One jar, three trips through the store. 
Over a year, a shopper who treats the relish set as a destination instead of a glance.

The usage frame

  • Condiment. Hot dogs, burgers, sandwiches, eggs. The gateway. Lowest-friction entry into the category.
  • Combinator. Mixed into cream cheese, mayo, vinaigrettes, and dips. Where loyalty starts.
  • Cookery. Glaze, braise, finish, and marinade. Where the jar earns its place in the pantry.

Category context

Red pepper relish is novel to 99% of grocery shoppers. Not a spin on pickle relish, a different category, a different basket, a different price ceiling. We sell six profiles in 11–12oz jars at $6–8 retail. Premium tier without precious-specialty pricing.

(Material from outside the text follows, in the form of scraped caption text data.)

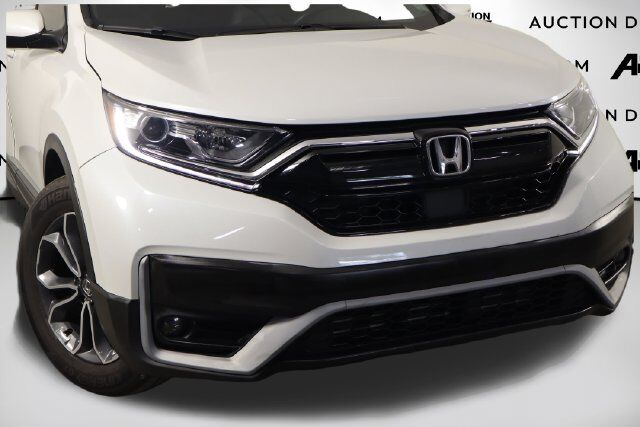 2022 Honda CR-V EX-L Raleigh NC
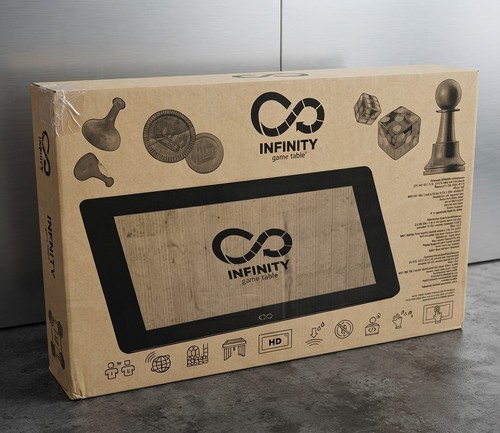 Arcade 1up infinity game - 1up,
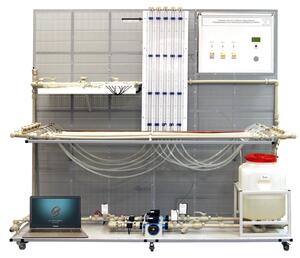 Типовой комплект учебного оборудования «Гидравлика систем водоснабжения ЖКХ» - fgospostavki.ru - Челябинск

The everyday-premium gap in most aisles is missing.

Where we are now

  • Whole Foods, Fairway, MOM's Organic, Big Y, and dozens of independents across nine states.
  • MetLife Stadium, via Delaware North. Giants and Jets seasons: gameday concession handoff with a squeeze-pack format we developed for that channel.
  • Specialty Food Magazine "Buyer's Pick."
  • Featured on Martha Stewart Living (Turkey Meatloaf Burger).

Operations

  • Six SKUs, 11–12oz glass jars
  • 140oz foodservice jug available
  • Squeeze pack format for foodservice and on-premise
  • Vegan, GMO-free, gluten-free, small batch. Made in the US.